Rapat Kelompok Kerja Sosial FMS ke-II Tahun 2021 memiliki topik utama mengenai pengukuran kemiskinan absolut dan pengalaman Malaysia dalam melakukan perubahan pengukuran kemiskinan. Rapat yang dilaksanakan pada hari Selasa, tanggal 4 Mei 2021 ini dipimpin oleh Dr. Asep Suryahadi, Sailesh Tiwari (Bank Dunia), dan Ken Simler (Bank Dunia).

Metode pengukuran kemiskinan di Indonesia saat ini telah dikembangkan dan digunakan sejak tahun 1998. Dengan demikian, saat ini sudah berumur kurang lebih 20 tahun dan membutuhkan revisi atau upgrade, karena dalam kurun waktu lebih dari dua dekade, terjadi banyak perubahan pada komoditas yang dikonsumsi masyarakat. Sebagian komoditas tidak dikonsumsi lagi oleh orang miskin. Di sisi lain, ada komoditas baru yang secara signifikan dikonsumsi oleh orang miskin. Selain itu, terdapat beberapa kritik dari para pakar terhadap metode pengukuran kemiskinan yang Indonesia gunakan saat ini. Kritik yang paling menonjol adalah dari Martin Ravallion yang menyatakan bahwa metode pengukuran kemiskinan Indonesia saat ini relatif lemah, dan berarti ukuran kemiskinan akan naik ketika konsumsi per kapita orang kaya juga naik.
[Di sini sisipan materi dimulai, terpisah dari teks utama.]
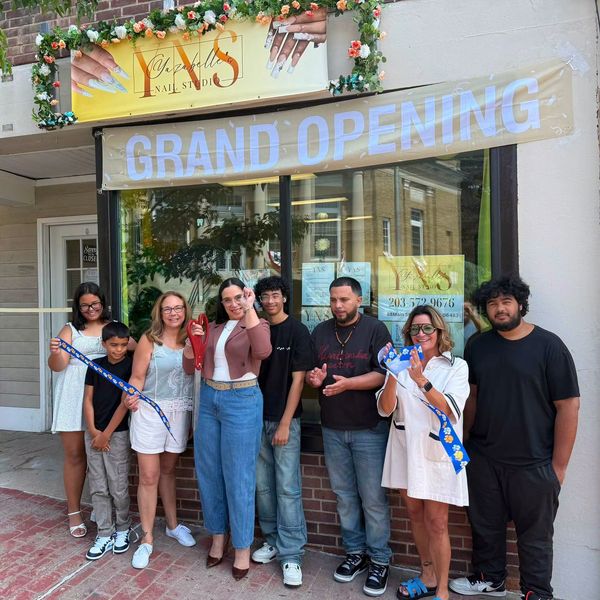 Group posing at nail studio grand opening.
Sehingga sulit untuk memantau perbaikan dan mengukur dampak program.

Penggunaan garis kemiskinan baru di Malaysia diumumkan pada Juli 2020 bersamaan dengan hasil laporan HIES 2019. Pengumuman awal dibuat oleh Menteri Ekonomi (EPU) di Departemen Perdana Menteri. Malaysia melakukan hitung ulang kemiskinan tahun 2016 menggunakan garis baru untuk menunjukkan tren dari survei tahun 2016 ke survei 2019. Secara teknis, perubahan garis kemiskinan Malaysia menggunakan pendekatan kuasi-CBN (Cost Basic Needs/Biaya Kebutuhan Dasar) yang sama seperti di masa lalu, tetapi menggunakan makanan berkualitas lebih tinggi yang memenuhi kebutuhan nutrisi selain kalori (komposisi keranjang normatif), dan memasukkan lebih banyak barang dan jasa bukan makanan ke dalam referensi keranjang kemiskinan. Pakar menganggap bahwa ketika negara-negara menjadi lebih makmur, standar minimum yang diterima dapat dan bisa meningkat, yang mencerminkan norma-norma sosial yang diperbarui. Selain itu, peningkatan standar kemiskinan sama sekali tidak mengubah tren historis pengurangan kemiskinan.

Pengalaman Malaysia sangat berguna sebagai pertimbangan Indonesia dalam melakukan revisi metode pengukuran kemiskinan, apa yang harus dilakukan, dan apa yang tidak seharusnya dilakukan. Rapat Pokja FMS selanjutnya akan membahas laporan terakhir dari tim BAPPENAS dan BPS yang sudah melakukan exercise revisi penghitungan garis kemiskinan.